Jacobs Vehicle Systems and Tula Technology have signed a cooperation agreement to accelerate the development of Jacobs Cylinder Deactivation® (CDA®) valve actuation technology in conjunction with Tula’s Dynamic Skip Fire (DSF®) control algorithms. The agreement builds on two years of R&D collaboration between the two companies to reduce NOx and CO2 emissions from medium and heavy-duty vehicles.

Jacobs CDA hardware and Tula’s diesel DSF (dDSF) achieve greater emission reductions when combined, the companies said. The agreement will allow technical development to expand the operating range at which emissions reductions can be achieved when the two technologies are combined. Jacobs and Tula also will explore opportunities for reduced NOx and CO2 emissions in off-road vehicles and equip a Class 8 demonstrator truck with both Jacobs’ CDA and Tula’s diesel DSF technologies.

“While CDA and dDSF are available to commercial powertrain manufacturers as separate systems, our experience indicates that integrating the two technologies delivers much greater benefit to today’s medium- and heavy-duty engines,” said Steve Ernest, vice president of engineering and business development at Jacobs Vehicle Systems. “We have been working with Tula for several years, and this formal agreement solidifies our relationship as we demonstrate the benefits of using CDA and dDSF in tandem.”

While cylinder deactivation has been commercially applied to Otto cycle engines for several decades to reduce throttling losses, its use in diesel engines has been very limited. As diesel engines are unthrottled, benefits have been more challenging to realize.

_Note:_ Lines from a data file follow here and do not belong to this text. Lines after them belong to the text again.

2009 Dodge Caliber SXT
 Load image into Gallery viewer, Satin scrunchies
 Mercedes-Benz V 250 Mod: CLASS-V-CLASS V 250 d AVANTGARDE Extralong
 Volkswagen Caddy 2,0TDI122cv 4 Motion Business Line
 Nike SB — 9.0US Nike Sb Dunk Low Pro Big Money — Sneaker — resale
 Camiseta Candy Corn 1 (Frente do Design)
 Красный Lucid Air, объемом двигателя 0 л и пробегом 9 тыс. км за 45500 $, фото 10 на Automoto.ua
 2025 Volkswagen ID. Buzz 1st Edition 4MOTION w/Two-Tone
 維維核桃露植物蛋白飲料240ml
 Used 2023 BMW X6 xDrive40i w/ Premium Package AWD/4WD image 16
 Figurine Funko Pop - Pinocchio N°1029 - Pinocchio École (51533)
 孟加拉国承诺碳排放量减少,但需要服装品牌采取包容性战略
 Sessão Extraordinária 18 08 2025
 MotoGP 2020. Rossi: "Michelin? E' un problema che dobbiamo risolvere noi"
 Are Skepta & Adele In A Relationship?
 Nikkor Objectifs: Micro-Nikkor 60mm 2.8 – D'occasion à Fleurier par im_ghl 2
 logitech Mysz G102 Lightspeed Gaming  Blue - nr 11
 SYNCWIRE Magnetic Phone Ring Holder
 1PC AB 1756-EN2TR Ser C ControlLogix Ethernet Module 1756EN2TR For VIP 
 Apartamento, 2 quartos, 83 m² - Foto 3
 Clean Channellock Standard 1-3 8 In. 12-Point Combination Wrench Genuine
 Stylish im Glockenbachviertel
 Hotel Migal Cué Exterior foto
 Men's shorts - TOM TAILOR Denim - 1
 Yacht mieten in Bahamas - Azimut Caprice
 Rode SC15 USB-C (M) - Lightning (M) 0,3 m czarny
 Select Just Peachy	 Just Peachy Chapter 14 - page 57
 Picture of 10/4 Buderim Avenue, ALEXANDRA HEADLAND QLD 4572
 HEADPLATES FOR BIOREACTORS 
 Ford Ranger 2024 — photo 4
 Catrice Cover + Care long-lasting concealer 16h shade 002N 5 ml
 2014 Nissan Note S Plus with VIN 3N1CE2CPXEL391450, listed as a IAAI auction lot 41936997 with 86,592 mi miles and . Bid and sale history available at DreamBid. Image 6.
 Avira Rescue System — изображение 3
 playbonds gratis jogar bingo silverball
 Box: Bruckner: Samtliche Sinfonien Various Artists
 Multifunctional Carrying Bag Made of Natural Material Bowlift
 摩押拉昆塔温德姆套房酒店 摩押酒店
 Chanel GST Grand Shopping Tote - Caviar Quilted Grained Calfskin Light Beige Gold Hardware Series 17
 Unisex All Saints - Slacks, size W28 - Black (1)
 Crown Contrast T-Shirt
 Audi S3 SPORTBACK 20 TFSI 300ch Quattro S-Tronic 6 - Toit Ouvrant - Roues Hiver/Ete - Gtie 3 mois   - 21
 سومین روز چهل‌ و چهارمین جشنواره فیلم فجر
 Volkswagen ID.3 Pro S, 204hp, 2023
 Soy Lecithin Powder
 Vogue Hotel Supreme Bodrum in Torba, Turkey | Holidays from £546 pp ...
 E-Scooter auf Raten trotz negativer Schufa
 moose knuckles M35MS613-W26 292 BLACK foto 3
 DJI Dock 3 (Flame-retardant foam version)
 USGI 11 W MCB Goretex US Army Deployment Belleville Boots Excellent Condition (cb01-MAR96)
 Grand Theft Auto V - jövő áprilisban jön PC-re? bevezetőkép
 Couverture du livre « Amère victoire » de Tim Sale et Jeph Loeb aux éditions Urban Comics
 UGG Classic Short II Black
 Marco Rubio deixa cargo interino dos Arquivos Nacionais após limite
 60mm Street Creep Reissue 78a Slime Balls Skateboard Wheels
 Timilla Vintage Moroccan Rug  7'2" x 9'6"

However, with continued efforts to further reduced diesel NOx emissions, the need to manage exhaust temperatures after a cold start and under low load conditions to ensure that NOx reduction catalysts remain active has become more critical. Conventional thermal management techniques such as retarded combustion phasing and fuel dosing over a DOC increase the fuel consumption penalty. Cylinder deactivation, often combined with other engine measures, can achieve the required exhaust temperature at low load conditions while keeping the fuel consumption penalty at a minimum.